Rimanella

Scientific classification
- Kingdom: Animalia
- Phylum: Arthropoda
- Clade: Pancrustacea
- Class: Insecta
- Order: Odonata
- Suborder: Zygoptera
- Superfamily: Polythoroidea
- Family: Rimanellidae
- Genus: Rimanella Davies & Tobin, 1984
- Species: Rimanella arcana Needham, 1934
- Binomial name: Rimanella arcana Needham, 1934

= Rimanella =

Genus of damselflies

Rimanella is a monotypic genus of damselflies and the only genus in the family Rimanellidae, which is placed in the superfamily Polythoroidea. Its only species, Rimanella arcana, is endemic to the Guiana Highlands of northern South America.

Rimanella arcana, known as the Pantepui relict damsel, inhabits streams and waterfalls in the tepui region of Venezuela, Guyana, Suriname and northern Brazil. It is a distinctive damselfly with narrow transparent wings, a slender dark body and unusual wing venation. The species is assessed as Least Concern by the IUCN.

== Description ==
The sole species, Rimanella arcana is a medium-sized damselfly with a wingspan of about 30 mm and a slender body approximately 41 mm long. Adults are predominantly dark greenish-black and brown, with a yellow face, brown thorax and transparent wings bearing a brown pterostigma.

When describing the genus, Needham noted that its wing venation differed markedly from that of other known damselflies and considered it most closely related to the genera Megalestes and Hypolestes, while differing from both in several important characters.

==Family classification==
Needham described the species in 1933 as Rima arcana from material collected on Mount Duida in Venezuela. The following year he replaced the genus name with Rimanella after discovering that Rima was already in use for another animal genus.

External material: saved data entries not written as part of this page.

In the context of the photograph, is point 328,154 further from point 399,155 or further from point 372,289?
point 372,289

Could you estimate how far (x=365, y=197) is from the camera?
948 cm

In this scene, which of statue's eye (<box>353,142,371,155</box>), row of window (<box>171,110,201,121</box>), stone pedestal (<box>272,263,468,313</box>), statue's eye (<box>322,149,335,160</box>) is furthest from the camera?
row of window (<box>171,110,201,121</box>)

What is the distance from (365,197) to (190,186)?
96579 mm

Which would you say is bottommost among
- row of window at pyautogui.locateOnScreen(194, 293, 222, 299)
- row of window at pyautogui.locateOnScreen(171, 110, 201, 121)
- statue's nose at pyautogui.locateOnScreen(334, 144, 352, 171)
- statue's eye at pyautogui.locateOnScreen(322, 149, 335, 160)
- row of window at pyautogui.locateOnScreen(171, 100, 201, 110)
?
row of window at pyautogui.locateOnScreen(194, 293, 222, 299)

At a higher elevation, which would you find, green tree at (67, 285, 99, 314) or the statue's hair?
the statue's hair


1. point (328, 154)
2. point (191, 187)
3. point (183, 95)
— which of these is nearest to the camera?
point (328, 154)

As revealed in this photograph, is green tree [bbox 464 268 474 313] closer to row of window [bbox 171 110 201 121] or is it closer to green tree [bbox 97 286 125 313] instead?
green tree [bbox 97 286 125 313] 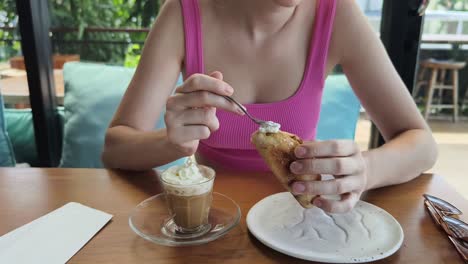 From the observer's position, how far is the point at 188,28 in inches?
47.3

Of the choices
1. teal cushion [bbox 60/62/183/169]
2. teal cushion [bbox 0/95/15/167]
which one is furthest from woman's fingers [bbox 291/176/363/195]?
teal cushion [bbox 0/95/15/167]

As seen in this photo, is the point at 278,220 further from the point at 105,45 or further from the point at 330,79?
the point at 105,45

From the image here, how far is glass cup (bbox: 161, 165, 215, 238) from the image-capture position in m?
0.77

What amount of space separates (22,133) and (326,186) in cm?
200

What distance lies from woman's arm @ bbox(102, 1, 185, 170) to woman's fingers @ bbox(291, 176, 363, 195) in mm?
346

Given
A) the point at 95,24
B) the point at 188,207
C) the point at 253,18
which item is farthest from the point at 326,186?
the point at 95,24

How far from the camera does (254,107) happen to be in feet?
3.87

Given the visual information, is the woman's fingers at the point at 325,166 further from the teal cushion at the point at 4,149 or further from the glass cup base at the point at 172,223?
the teal cushion at the point at 4,149

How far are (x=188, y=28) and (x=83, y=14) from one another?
4.48ft

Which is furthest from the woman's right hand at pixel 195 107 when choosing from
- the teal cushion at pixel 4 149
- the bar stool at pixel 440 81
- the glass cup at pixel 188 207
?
the bar stool at pixel 440 81

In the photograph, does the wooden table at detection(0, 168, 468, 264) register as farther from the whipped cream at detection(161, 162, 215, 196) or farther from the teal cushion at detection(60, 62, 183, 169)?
→ the teal cushion at detection(60, 62, 183, 169)

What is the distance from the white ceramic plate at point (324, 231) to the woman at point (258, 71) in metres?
0.28

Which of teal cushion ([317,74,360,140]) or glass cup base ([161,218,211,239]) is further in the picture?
teal cushion ([317,74,360,140])

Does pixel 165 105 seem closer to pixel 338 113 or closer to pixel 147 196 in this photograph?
pixel 147 196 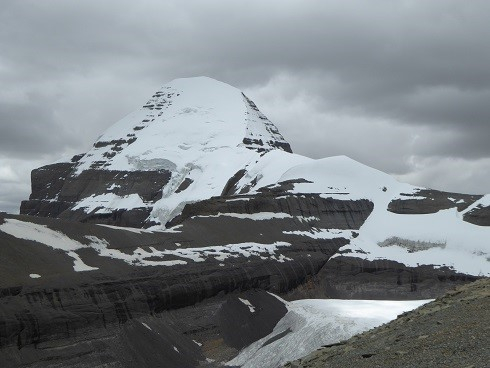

For much of the twentieth century, Rimanella was included in Amphipterygidae together with several geographically isolated genera from Central America, Africa and Asia. Fraser (1957) later transferred the genus to Pseudolestidae, a family created to accommodate a number of morphologically unusual damselfly genera whose relationships were uncertain.

Novelo-Gutiérrez (1995) observed similarities between the larvae of Rimanella and the African genus Pentaphlebia, particularly the distinctive gill tufts, and placed the two genera together in the subfamily Pentaphlebiinae. Subsequent morphological and molecular studies showed that the traditional concept of Amphipterygidae did not represent a natural group.

Modern classifications recognise Rimanellidae as a distinct monogeneric family containing only Rimanella arcana.

In 2026, Carter and colleagues placed Rimanellidae within the newly recognised superfamily Polythoroidea, together with Dicteriadidae, Heteragrionidae, Hypolestidae, Mesagrionidae, Philogeniidae and Polythoridae, reflecting phylogenomic evidence for the relationships among these predominantly Neotropical damselfly lineages.

== Etymology ==
Needham originally named the genus Rima in 1933. He explained that the name was taken from Rima, the heroine of William Henry Hudson's Venezuelan novel Green Mansions. Because the generic name was already occupied, Needham introduced the replacement name Rimanella in 1934, retaining the original stem of the name.

The species name arcana is derived from the Latin arcanus ("hidden", "secret" or "mysterious"), possibly referring to the remote and little-known region in which the species was discovered.